(SUPPLIED INFORMATION)
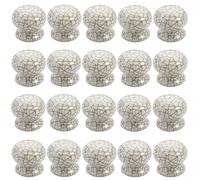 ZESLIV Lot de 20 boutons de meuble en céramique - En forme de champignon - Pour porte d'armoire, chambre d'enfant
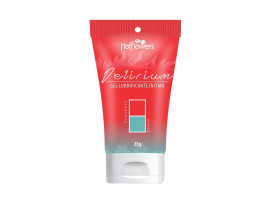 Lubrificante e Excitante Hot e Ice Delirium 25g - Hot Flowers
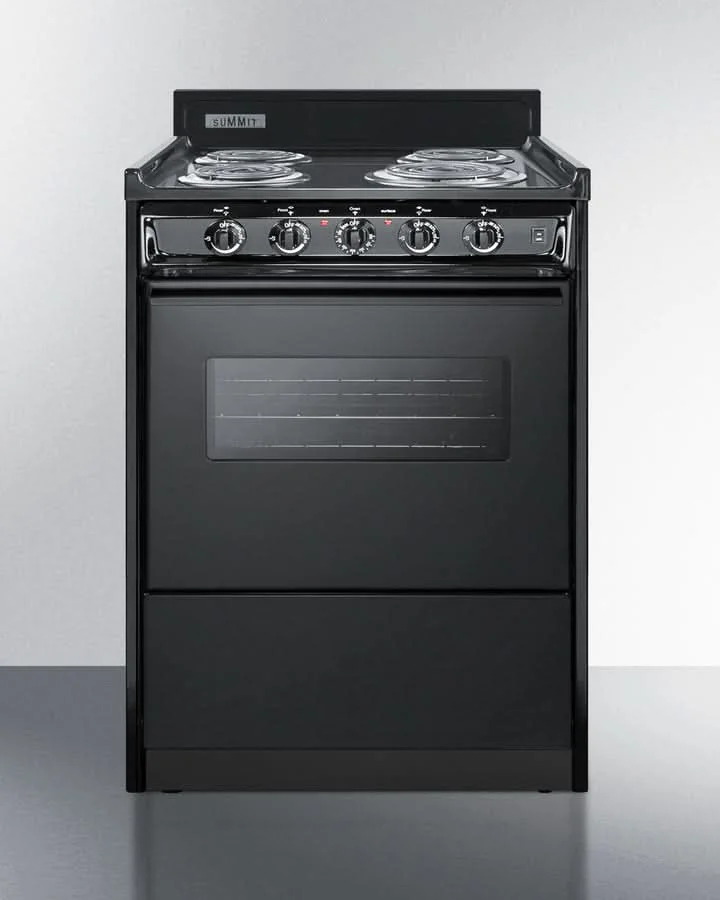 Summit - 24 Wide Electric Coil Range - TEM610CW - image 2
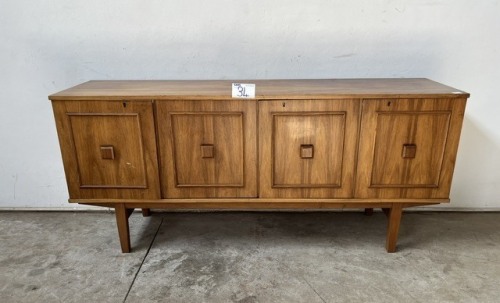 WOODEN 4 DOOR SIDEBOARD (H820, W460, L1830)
(End SUPPLIED INFORMATION)
**EXERCISE AIM:** The answer must be the lines above from the line that contains "Lubrificante e Excitante" to the final line of the data, word for word, with no pictures.

**OUTPUT FOR THIS EXERCISE:**
 Lubrificante e Excitante Hot e Ice Delirium 25g - Hot Flowers
 Summit - 24 Wide Electric Coil Range - TEM610CW - image 2
 WOODEN 4 DOOR SIDEBOARD (H820, W460, L1830)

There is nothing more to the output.